How The New Secure Flight Rules Affect Your Dive Travel Business

Tuesday, October 28, 2008

(Dive Travel Business News - October 28, 2008) -- The U.S. Department of Homeland Security (DHS) has issued its Final Rule on Secure Flight. This rule shifts pre-departure watch list matching responsibilities from individual airlines to the Transportation Security Administration (TSA), which is one of the key recommendation of the 9/11 Commission.  By bringing watch list matching responsibilities in-house, TSA hopes to reduce misidentifications when a traveler's name is similar to one found on a watch list.

Travel Professionals providing air travel arrangements for their clients will have to collect Secure Flight Information from each prospective air traveler. If this information is not provided, a boarding pass cannot be printed.
There are four mandatory facts to collect:

(1) full name as it appears on the government issued ID they plan to use at the airport security checkpoint
(2) date of birth
(3) gender
(4) Redress Number (if the person has one)*

*  A Redress Number is obtained from DHS when a passenger has had identification issues related to the terrorist watch lists but is not in fact a terrorist. A traveler obtains a Redress Number from DHS following problems getting through security. Applying for such a number is the passenger's responsibility, not the travel agent. It is alright if a passenger, when asked, says "I don't have one." Additional information regarding the DHS' Redress program can be found at DHS online.

Agents are not required to verify or otherwise validate the accuracy of Secure Flight information provided by a client. A passenger's Secure Flight information must be provided no later than 72 hours prior to the scheduled departure time, unless the reservation is made within 72 hours of the scheduled departure time, in which case it must be collected at the time of booking.

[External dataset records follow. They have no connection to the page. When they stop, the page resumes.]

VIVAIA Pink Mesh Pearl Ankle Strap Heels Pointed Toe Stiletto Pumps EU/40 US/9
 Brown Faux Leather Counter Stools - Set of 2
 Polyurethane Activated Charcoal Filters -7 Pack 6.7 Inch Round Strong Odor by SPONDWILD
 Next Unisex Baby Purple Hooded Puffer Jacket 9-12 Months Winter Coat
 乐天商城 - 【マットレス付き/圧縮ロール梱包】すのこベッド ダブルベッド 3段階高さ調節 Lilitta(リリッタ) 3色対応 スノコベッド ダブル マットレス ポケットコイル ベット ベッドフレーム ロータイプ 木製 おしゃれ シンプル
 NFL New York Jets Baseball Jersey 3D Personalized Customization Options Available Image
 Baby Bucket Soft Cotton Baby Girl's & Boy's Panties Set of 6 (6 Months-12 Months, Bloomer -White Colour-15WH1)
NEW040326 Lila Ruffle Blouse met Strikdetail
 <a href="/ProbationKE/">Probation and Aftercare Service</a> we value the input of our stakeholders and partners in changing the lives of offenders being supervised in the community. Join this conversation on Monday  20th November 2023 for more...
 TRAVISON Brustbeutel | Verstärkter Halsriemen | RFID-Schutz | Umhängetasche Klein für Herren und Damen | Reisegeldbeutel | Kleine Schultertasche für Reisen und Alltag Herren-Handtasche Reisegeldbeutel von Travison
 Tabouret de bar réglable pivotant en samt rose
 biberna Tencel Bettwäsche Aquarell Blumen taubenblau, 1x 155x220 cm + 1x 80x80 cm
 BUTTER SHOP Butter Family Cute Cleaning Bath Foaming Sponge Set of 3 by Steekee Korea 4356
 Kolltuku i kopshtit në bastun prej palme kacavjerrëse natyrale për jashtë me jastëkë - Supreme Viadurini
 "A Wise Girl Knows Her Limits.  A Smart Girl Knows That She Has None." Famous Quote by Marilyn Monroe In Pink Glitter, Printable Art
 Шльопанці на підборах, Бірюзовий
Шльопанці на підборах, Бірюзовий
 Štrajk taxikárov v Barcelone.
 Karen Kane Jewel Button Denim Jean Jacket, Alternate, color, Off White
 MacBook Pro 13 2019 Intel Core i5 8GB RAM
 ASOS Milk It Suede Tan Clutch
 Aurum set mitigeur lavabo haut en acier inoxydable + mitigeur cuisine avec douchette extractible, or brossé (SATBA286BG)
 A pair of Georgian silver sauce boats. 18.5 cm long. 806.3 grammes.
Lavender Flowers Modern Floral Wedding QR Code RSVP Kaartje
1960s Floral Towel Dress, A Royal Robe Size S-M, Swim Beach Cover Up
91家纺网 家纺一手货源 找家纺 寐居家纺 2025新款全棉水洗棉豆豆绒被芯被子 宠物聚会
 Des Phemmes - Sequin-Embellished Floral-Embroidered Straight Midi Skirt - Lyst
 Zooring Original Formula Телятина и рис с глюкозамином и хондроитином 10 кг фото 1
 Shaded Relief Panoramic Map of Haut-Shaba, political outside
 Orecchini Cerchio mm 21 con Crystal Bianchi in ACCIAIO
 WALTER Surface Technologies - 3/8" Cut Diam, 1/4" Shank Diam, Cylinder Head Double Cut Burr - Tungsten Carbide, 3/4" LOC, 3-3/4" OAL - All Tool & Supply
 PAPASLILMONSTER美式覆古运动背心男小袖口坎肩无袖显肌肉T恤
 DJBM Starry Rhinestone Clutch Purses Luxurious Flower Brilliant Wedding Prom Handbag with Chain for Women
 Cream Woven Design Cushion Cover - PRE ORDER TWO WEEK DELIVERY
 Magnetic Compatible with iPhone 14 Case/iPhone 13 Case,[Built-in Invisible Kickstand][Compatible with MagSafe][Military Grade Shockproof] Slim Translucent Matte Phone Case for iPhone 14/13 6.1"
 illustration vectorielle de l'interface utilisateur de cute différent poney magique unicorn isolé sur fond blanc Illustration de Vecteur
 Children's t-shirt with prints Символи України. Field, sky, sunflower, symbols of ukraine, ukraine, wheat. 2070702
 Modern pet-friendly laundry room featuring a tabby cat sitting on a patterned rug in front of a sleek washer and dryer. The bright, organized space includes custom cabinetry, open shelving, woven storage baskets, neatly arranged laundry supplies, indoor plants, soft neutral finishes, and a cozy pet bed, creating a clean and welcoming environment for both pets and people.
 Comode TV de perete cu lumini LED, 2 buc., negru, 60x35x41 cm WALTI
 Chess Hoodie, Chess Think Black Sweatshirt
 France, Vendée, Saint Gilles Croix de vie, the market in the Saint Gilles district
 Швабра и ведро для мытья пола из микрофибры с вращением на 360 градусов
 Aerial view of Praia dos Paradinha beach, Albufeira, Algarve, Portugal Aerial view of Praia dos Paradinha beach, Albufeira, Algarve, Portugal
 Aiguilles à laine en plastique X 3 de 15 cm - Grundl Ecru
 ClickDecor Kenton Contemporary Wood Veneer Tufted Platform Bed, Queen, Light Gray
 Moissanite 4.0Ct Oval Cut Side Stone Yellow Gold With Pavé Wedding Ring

The new rule will begin with a soft launch in early 2009, at which point some airlines can begin forwarding domestic data to TSA. Airlines will be brought into Secure Flight individually over time and should issue directions to booking agents. During this time booking agents will only be collecting Secure Flight information for domestic flights. The Global Distribution Systems (GDS) have not yet announced procedures for travel agents to use when collecting the additional data elements. The GDSs will be responsible for informing Travel Agents about where to put the information in the Passenger Name Record.

A full implementation of Secure Flight will begin around September 2009, when the program would assume, from U.S. Customs and Border Protection and the international air carriers, the watch list matching function for passengers on international flights.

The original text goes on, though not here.